(Daily Journal) Joseph Saveri of the Joseph Saveri Law Firm was selected by the California Daily Journal as one of 31 “Top Plaintiff Lawyers” in California for 2019. He and firm partner Top Plaintiff Lawyer Steven Williams were profiled in a supplement issue contained in today’s Daily Journal. The firm was one of only six statewide to field multiple winners of this prestigious award.
Joseph Saveri – Antitrust
Capacitors, the fundamental electronic gizmos that help regulate energy flows in electronic devices, are among the latest products to get antitrust attention from Joseph Saveri. His firm has been appointed sole lead counsel representing a class of direct purchasers of the devices. They allege that manufacturers formed a cartel and conspired to fix, raise, and stabilize prices in the multi-billion-dollar market for aluminum, tantalum, and film capacitors.
“This was old-fashioned price fixing,” Saveri said. “There are very few products that electric current goes through that do not contain capacitors. There are thousands in every automobile. They are ubiquitous.”
Defendants include Panasonic Corp., Sanyo Electric Group Ltd., NEC Tokin Corp., KEMET Corp., Hitachi Chemical Co. Ltd., Samsung Electro Mechanics America Inc., and scores of others. Trial is set for February 2020. In re: Capacitors Antitrust Litigation, 3:14-cv-03264 (N.D. Cal., filed July 18, 2014).
U.S. District Judge James Donato of San Francisco has denied the defendants’ motions to dismiss the case, which is currently in discovery with class certification fully briefed. Two settlement phases totaling $100 million have taken place involving seven defendants; a third for about the same amount is awaiting court approval.
The case attracted the attention of the U.S. Department of Justice, which has announced fines and criminal prosecutions for federal antitrust violations.

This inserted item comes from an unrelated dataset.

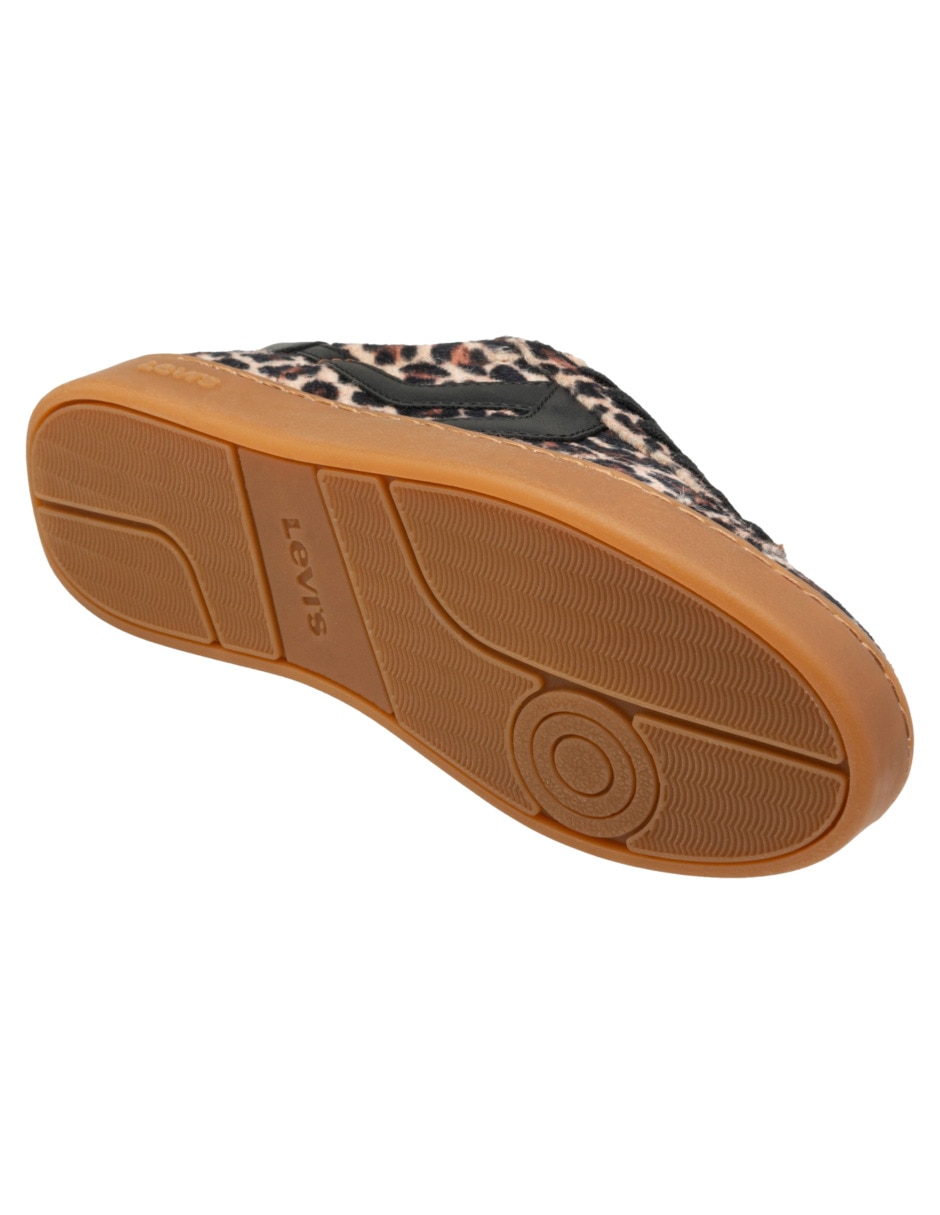 Tenis swift d para mujer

“Two individuals have actually been sentenced to prison,” Saveri said. “Several are fugitives.”
Meanwhile, Saveri’s firm continues to utilize the precedents set by its big 2015 win at the state Supreme Court regarding pharmaceutical companies’ pay-to-delay tactics that keep generic versions of patented drugs off the market so that prices can remain high. In that case, In re: Cipro Cases I and II, the high court adopted rules favoring plaintiffs for adjudicating reverse payment antitrust claims. Cipro itself, involving a Bayer Corp. antibiotic, settled on the eve of trial in San Diego for $399 million. Settlement disbursement is in progress.
Cipro’s rule has been useful to Saveri and others in the antitrust plaintiffs’ bar in numerous cases. Saveri said that his $105 million settlement in 2018 in In re Lidoderm Antitrust Litigation, 3:14-md-02521 (N.D. Cal., filed April 3, 2014), was in part based on Cipro. So is In re: Restasis Antitrust Litigation, MDL2819 (E.D. N.Y. consolidated Jan 31, 2018), a case accusing Allergan PLC of violating antitrust laws to keep generic versions of it’s dry-eye medication off the market.
“Cipro established a number of principles involving causation, certification issues, and how to measure damages,” Saveri said. “It’s important for pharmaceutical antitrust law. It’s the case the keeps on giving.”